Collected data:
======

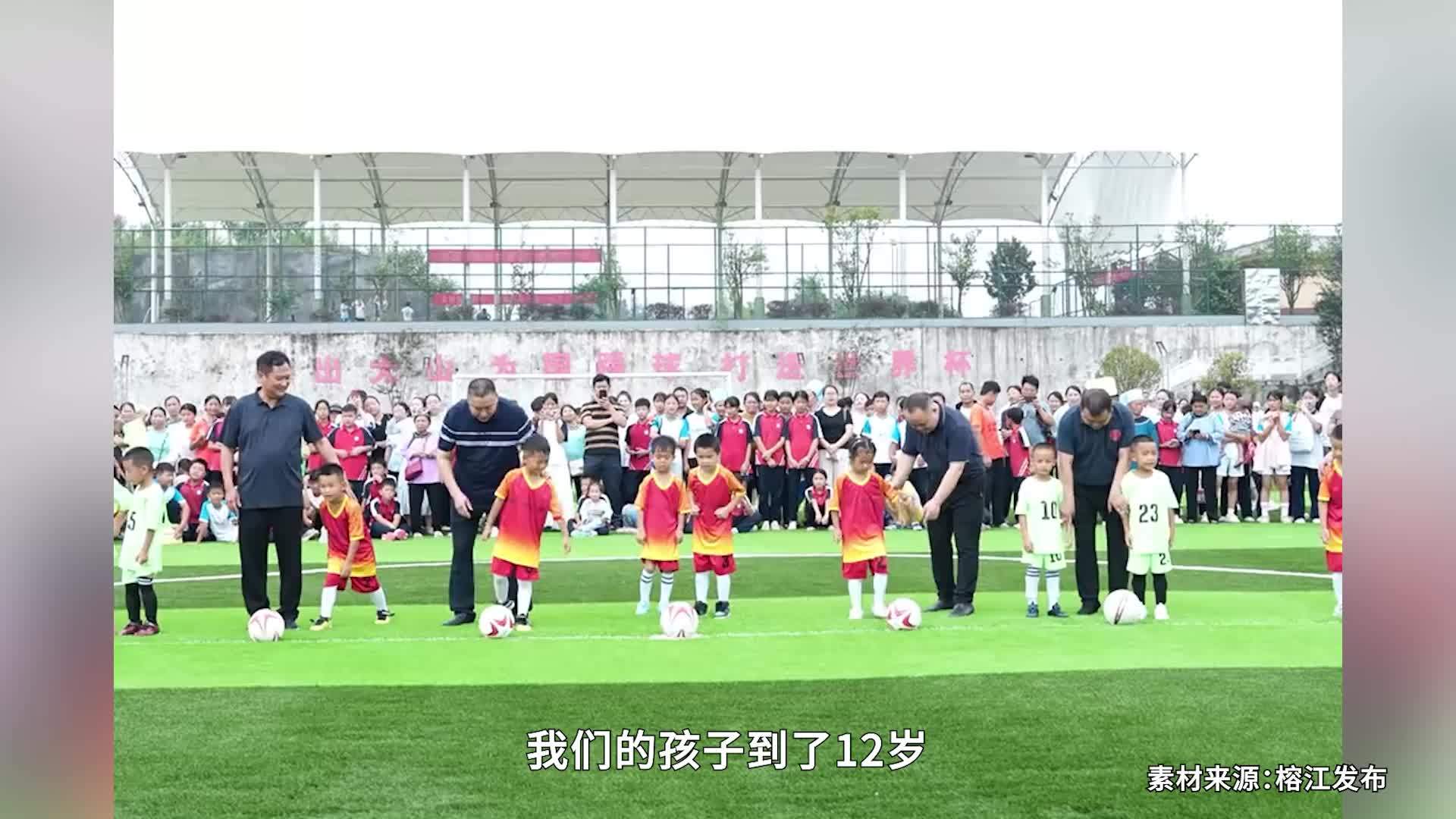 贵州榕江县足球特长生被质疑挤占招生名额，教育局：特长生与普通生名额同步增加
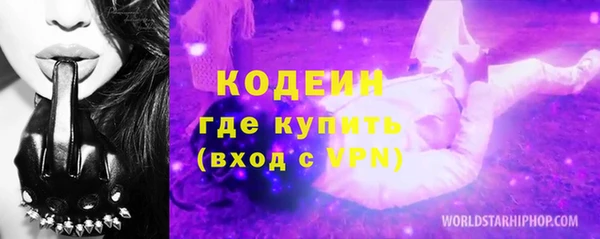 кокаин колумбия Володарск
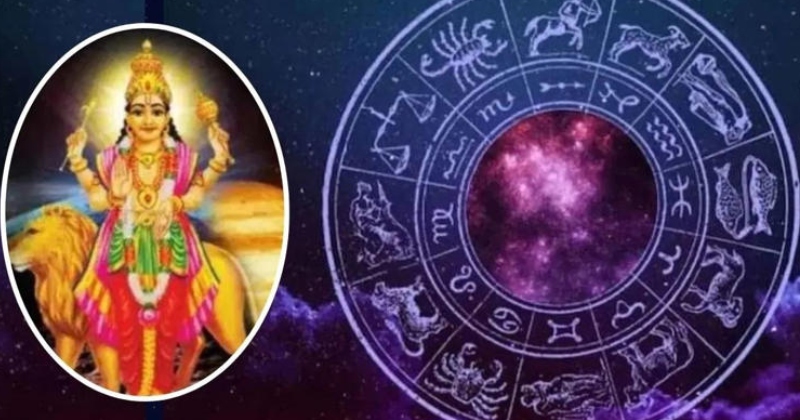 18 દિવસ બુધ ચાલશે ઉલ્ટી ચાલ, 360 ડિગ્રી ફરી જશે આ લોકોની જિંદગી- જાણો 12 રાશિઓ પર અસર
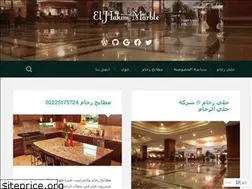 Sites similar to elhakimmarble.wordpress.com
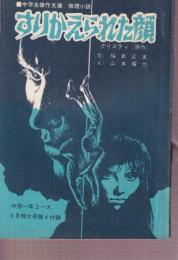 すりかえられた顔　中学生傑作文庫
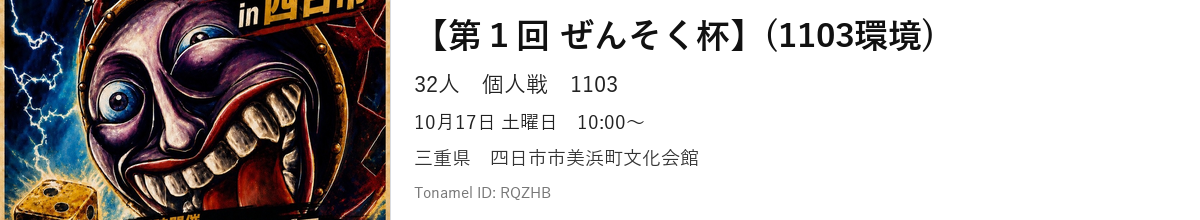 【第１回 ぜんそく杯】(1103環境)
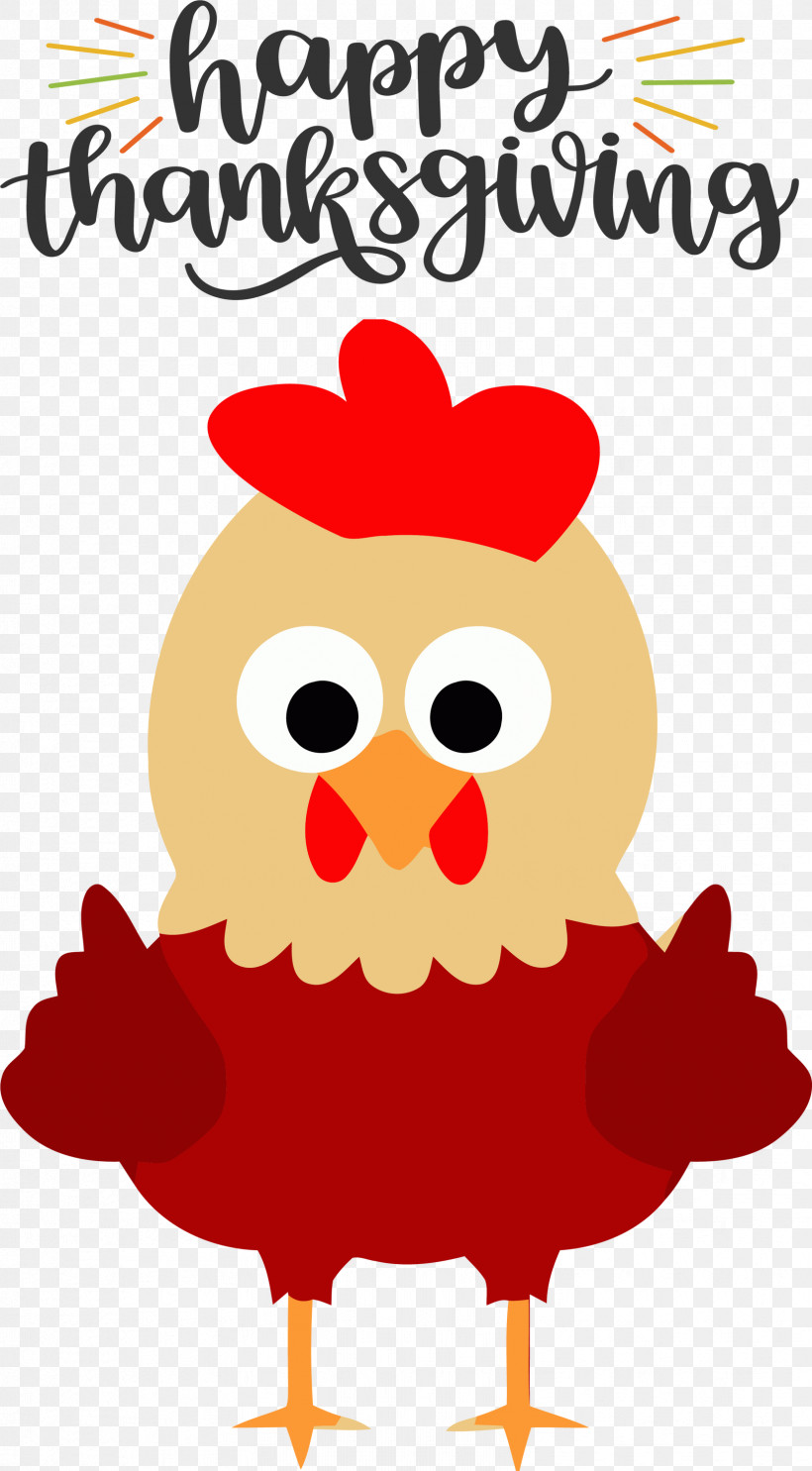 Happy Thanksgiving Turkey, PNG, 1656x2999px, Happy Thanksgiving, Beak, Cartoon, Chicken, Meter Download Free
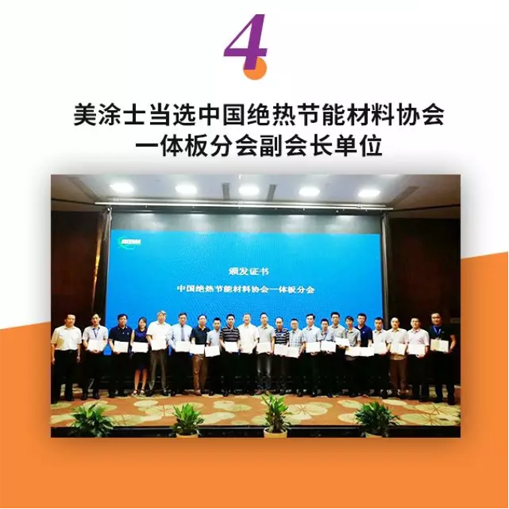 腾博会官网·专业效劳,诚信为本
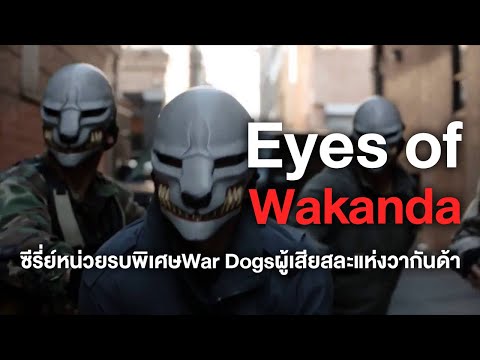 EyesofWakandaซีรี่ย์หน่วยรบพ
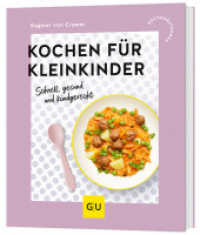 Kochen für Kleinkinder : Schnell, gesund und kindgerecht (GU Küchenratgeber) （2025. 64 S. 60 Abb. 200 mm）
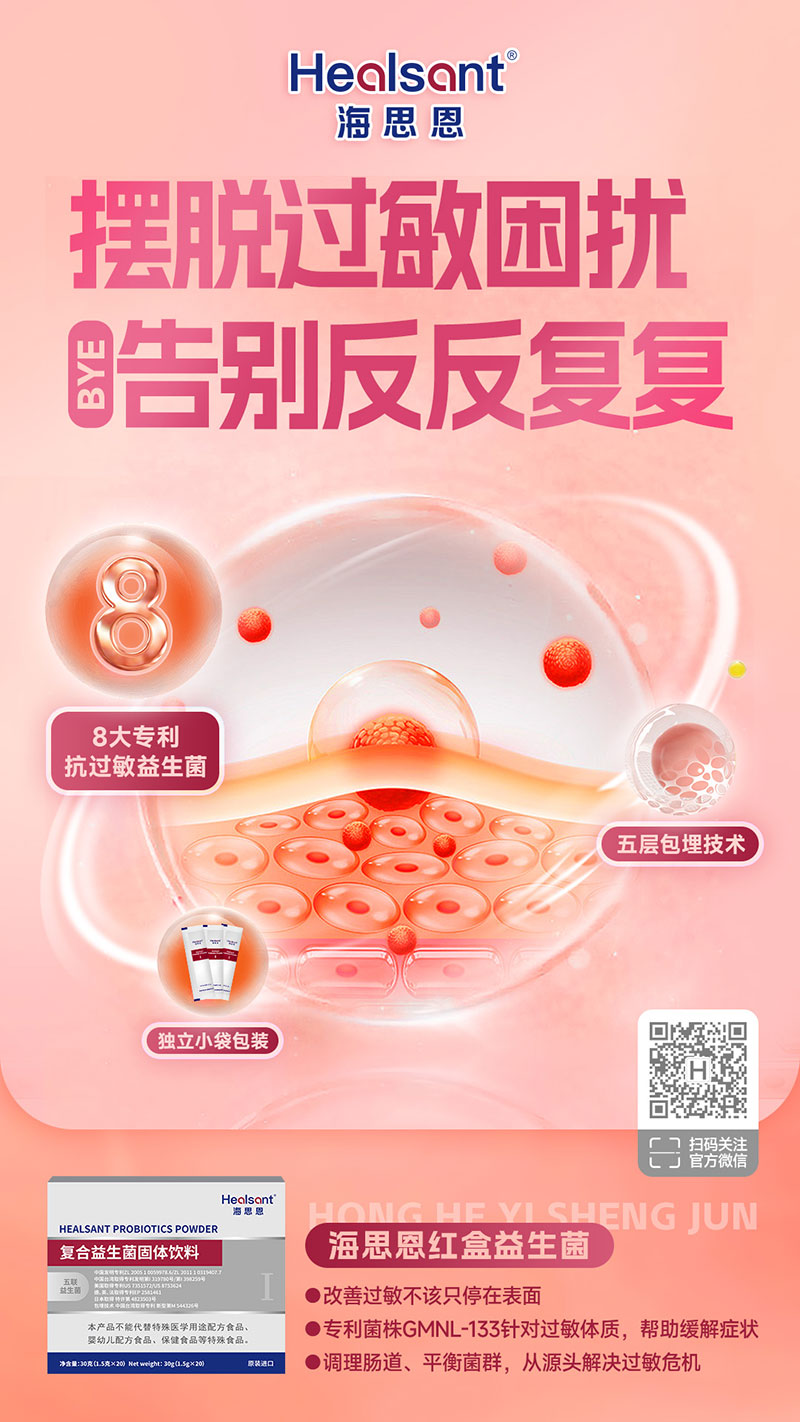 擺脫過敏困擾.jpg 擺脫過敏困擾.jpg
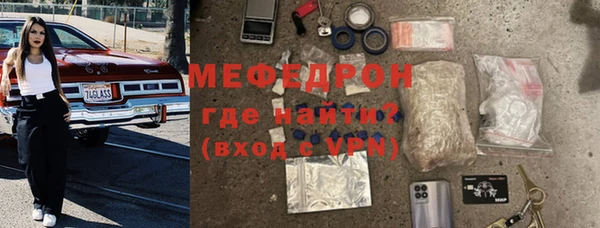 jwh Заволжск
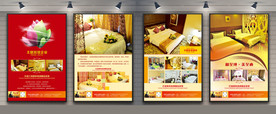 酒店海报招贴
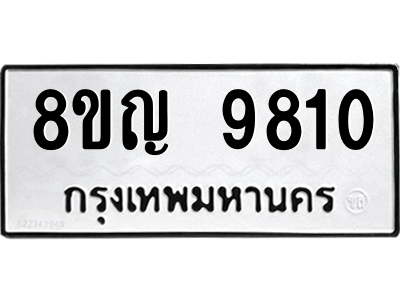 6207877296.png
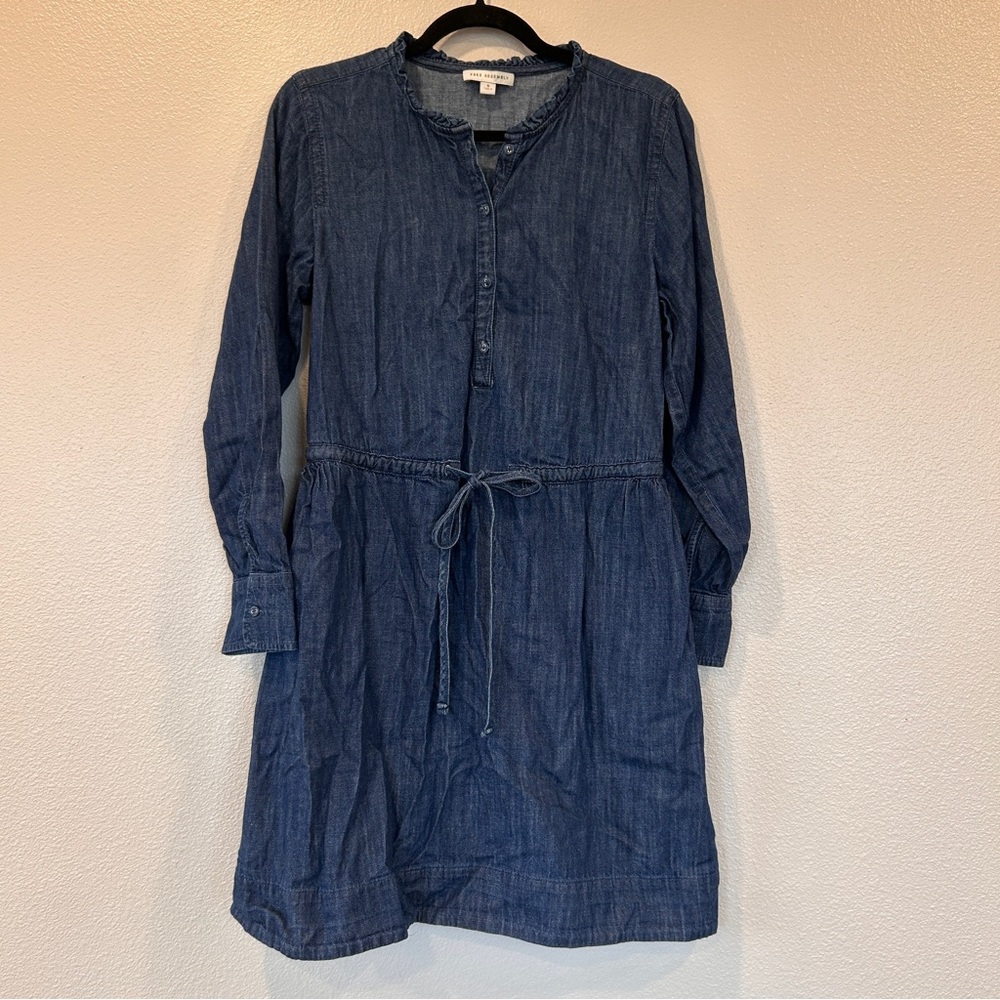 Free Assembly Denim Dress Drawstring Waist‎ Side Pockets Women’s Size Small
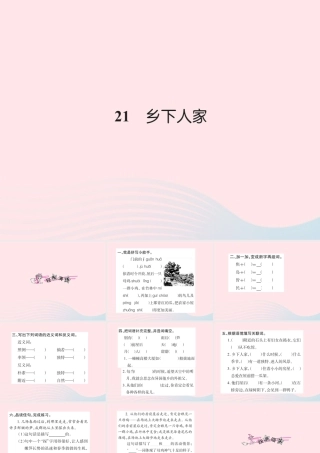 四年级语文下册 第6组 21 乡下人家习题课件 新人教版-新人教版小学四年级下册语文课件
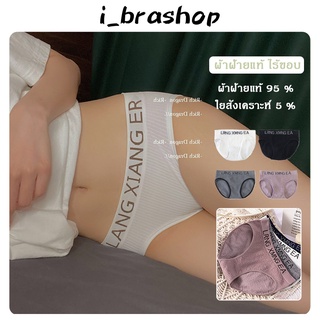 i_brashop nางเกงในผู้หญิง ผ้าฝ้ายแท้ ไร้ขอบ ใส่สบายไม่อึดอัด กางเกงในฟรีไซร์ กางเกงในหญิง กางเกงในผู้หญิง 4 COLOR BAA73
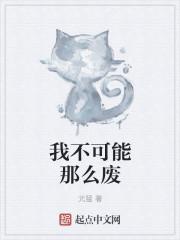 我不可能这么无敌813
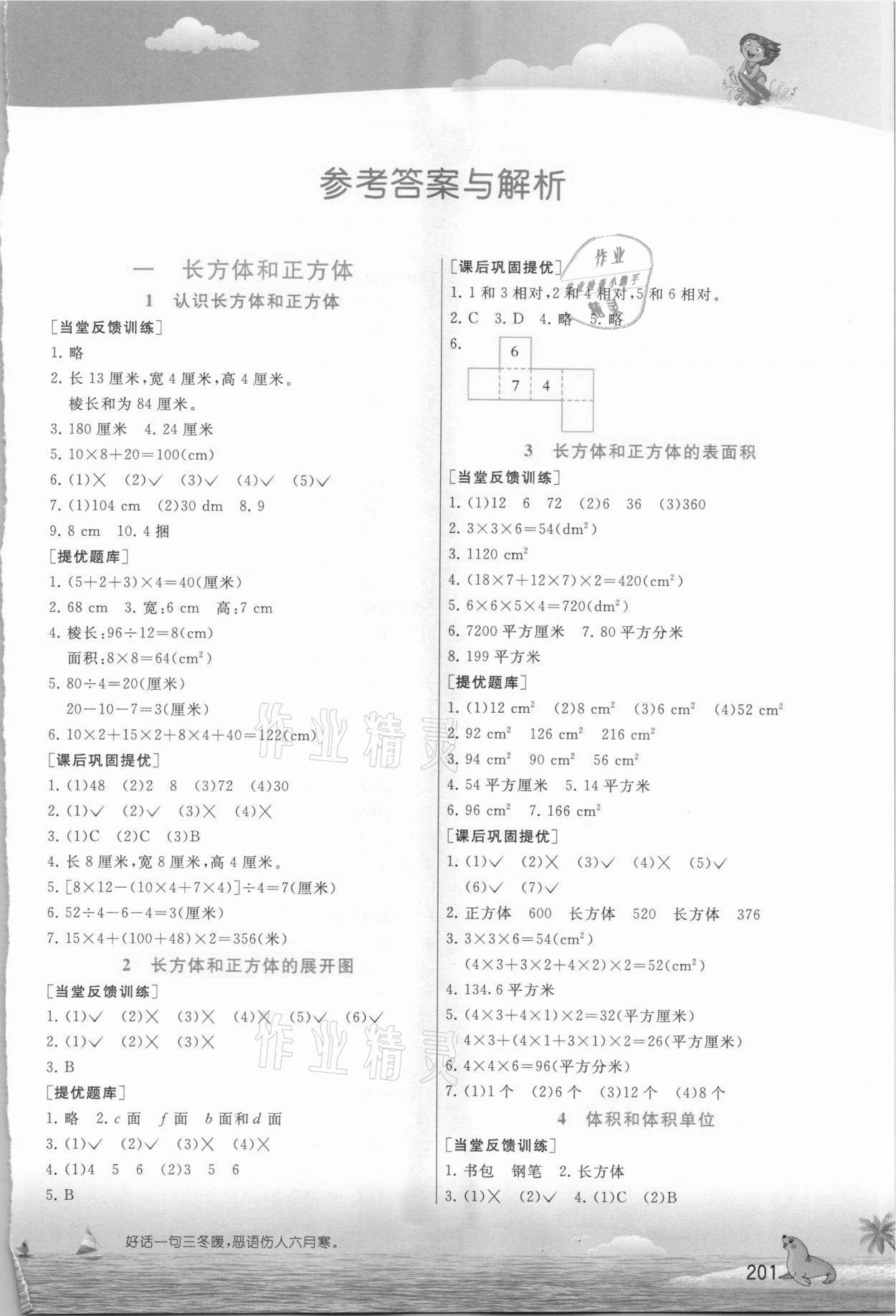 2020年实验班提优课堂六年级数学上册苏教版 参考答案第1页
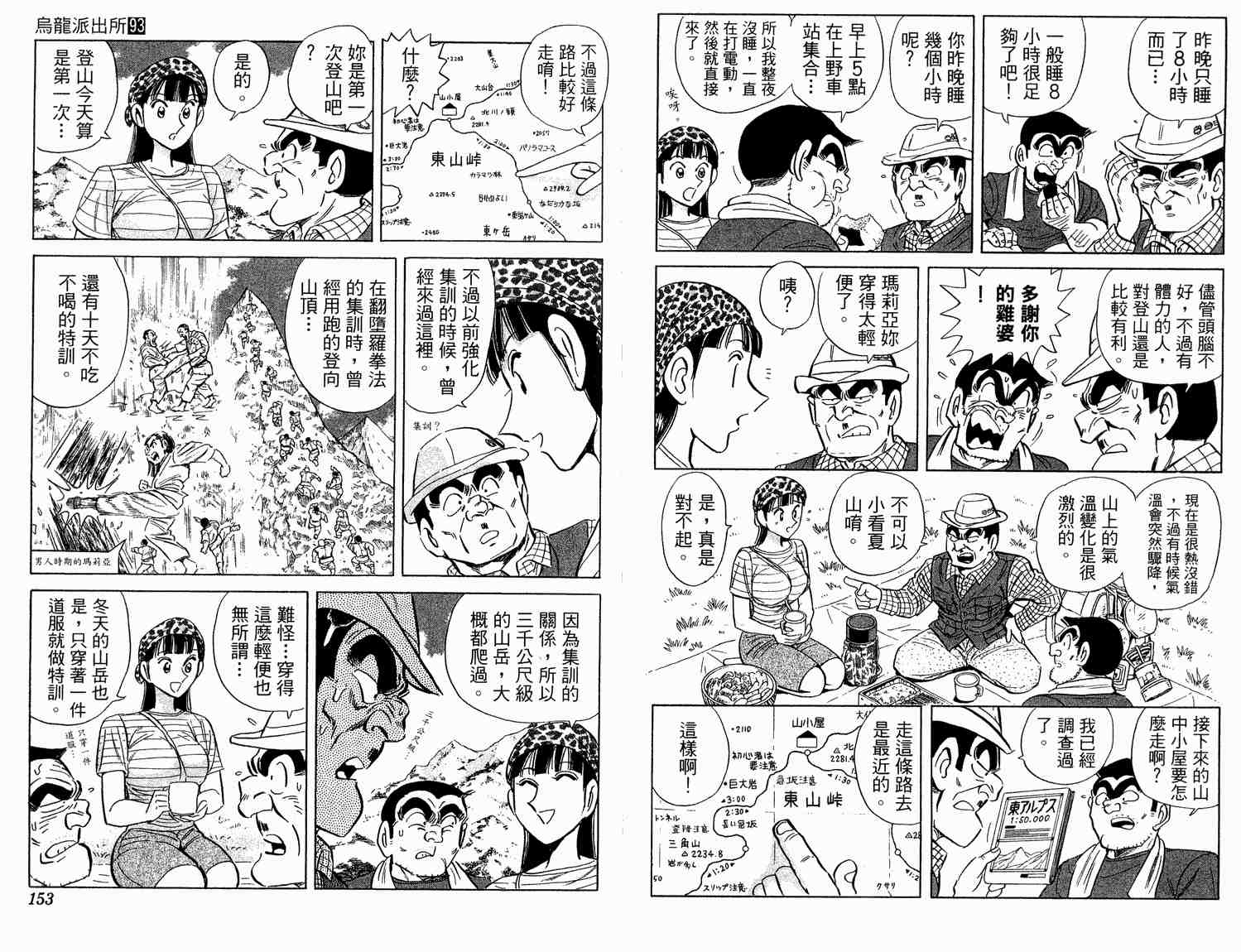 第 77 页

======

Try it. Please set down the records above word for word and omit their pictures.

Answer to the problem.
 贵州榕江县足球特长生被质疑挤占招生名额，教育局：特长生与普通生名额同步增加
 кокаин колумбия Володарск
 18 દિવસ બુધ ચાલશે ઉલ્ટી ચાલ, 360 ડિગ્રી ફરી જશે આ લોકોની જિંદગી- જાણો 12 રાશિઓ પર અસર
 Sites similar to elhakimmarble.wordpress.com
 すりかえられた顔　中学生傑作文庫
 【第１回 ぜんそく杯】(1103環境)
 Happy Thanksgiving Turkey, PNG, 1656x2999px, Happy Thanksgiving, Beak, Cartoon, Chicken, Meter Download Free
 腾博会官网·专业效劳,诚信为本
 EyesofWakandaซีรี่ย์หน่วยรบพ
 Kochen für Kleinkinder : Schnell, gesund und kindgerecht (GU Küchenratgeber) （2025. 64 S. 60 Abb. 200 mm）
 擺脫過敏困擾.jpg 擺脫過敏困擾.jpg
 jwh Заволжск
 酒店海报招贴
 6207877296.png
 Free Assembly Denim Dress Drawstring Waist‎ Side Pockets Women’s Size Small
 四年级语文下册 第6组 21 乡下人家习题课件 新人教版-新人教版小学四年级下册语文课件
 i_brashop nางเกงในผู้หญิง ผ้าฝ้ายแท้ ไร้ขอบ ใส่สบายไม่อึดอัด กางเกงในฟรีไซร์ กางเกงในหญิง กางเกงในผู้หญิง 4 COLOR BAA73
 我不可能这么无敌813
 2020年实验班提优课堂六年级数学上册苏教版 参考答案第1页
 第 77 页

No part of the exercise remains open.